Journale Dans le carrousel des langues.

Lettre à la mère : Traduire Annette Hug qui traduit Rizal ou traduire Rizal ?

 

 

Une phrase revient en leitmotiv dans tout le roman d’Annette Hug, une phrase prononcée par la mère de Rizal et qui le hante :

 

« Du darfst nicht abfallen. »

Je ne sais pas quel est l'original, je ne sais même pas si cette phrase a été écrite en tagalog ou en espagnol. Mais je trouve la lettre que je pense être correspondante dans le livre d’Hélène Goujat[footnote Hélène Goujat, Réforme ou révolution? : le projet national de José Rizal (1861-1896) pour les Philippines, Paris : Connaissances et savoirs, 2010], qui en français a traduit : « promets moi d’être un bon chrétien. »  Et Hélène Goujat ajoute : « C’est précisément cette question de savoir ce que signifiait « être un bon chrétien » qui devint chez Rizal un véritable objet d’étude et de recherches, comme en témoigne son compatriote et ami Máximo Viola qui l’accompagna plus tard lors de son séjour à Berlin, en Autriche et en Suisse, et avec lequel il s’était à ce propos largement entretenu.»

 

Tout cela est convaincant, mais dois-je pour autant traduire cette phrase un peu sentencieuse par la traduction qui me l’explique ? Annette Hug, si elle l’avait voulu, aurait écrit «Sei bitte ein braver Christ». Et puis même si je reconnais la lettre, je sais que, dans son processus de digestion des sources, Annette Hug a collé, coupé, assemblé pour les recomposer à son image.

C’est Annette Hug que je traduis et non Teodora Mercado Rizal.

 

 

Elle écrivait à l’aveugle et tenait la plume avec peine, il avait

fallu prier une jeune parente de s’enquérir de la signification

de ses lignes et d’ajouter à la lettre une traduction.

«C’est peut-être ma dernière lettre, lisait-on. Écoute, mon fils, l’unique vœu d’une vieille mère. Ne va pas te perdre.»

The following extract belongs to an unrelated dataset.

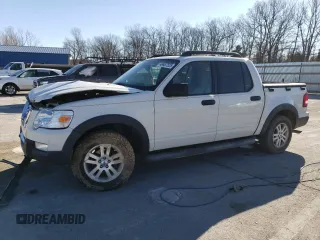 2010 Ford Explorer Sport Trac XLT z VIN 1FMEU3BE5AUA38530, wystawiony jako Copart lot #46987525 z przebiegiem 132 432 mil mil oraz Szkody całkowita. Historia ofert i sprzedaży dostępna na DreamBid. Obrazek 1.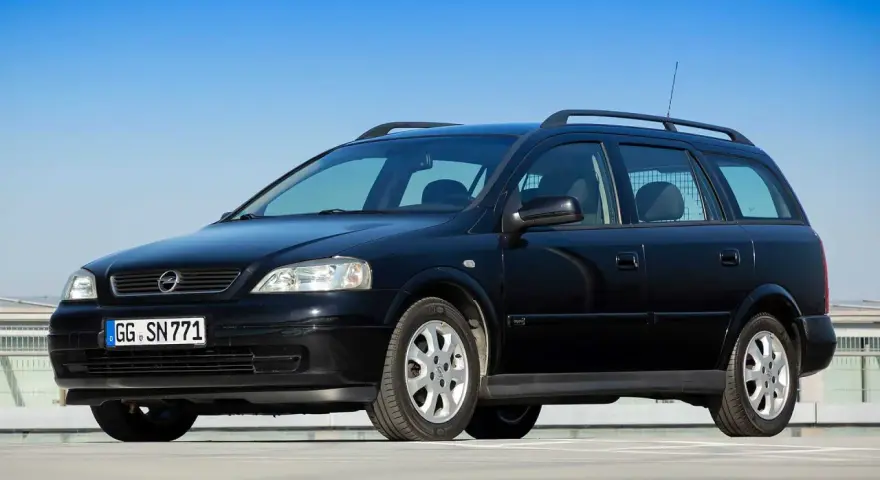 Schwarzer Opel Astra Kombi, alt, mit Dachreling und Kennzeichen GG SN 771, parkt auf einem Parkdeck vor blauem Himmel.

 (Révolution aux confins, op. cit., p. 18)

 

 

 

Sie hatte fast blind geschrieben und den Stift unsicher geführt, also musste man eine junge Frau bitten, die Mutter nach der Bedeutung ihrer Worte zu fragen und dem Brief eine Übersetzung beizufügen. »Dies ist vielleicht mein letzter Brief«, war zu lesen. »Höre, mein Sohn, nur einen Wunsch habe ich noch offen in meinem Leben.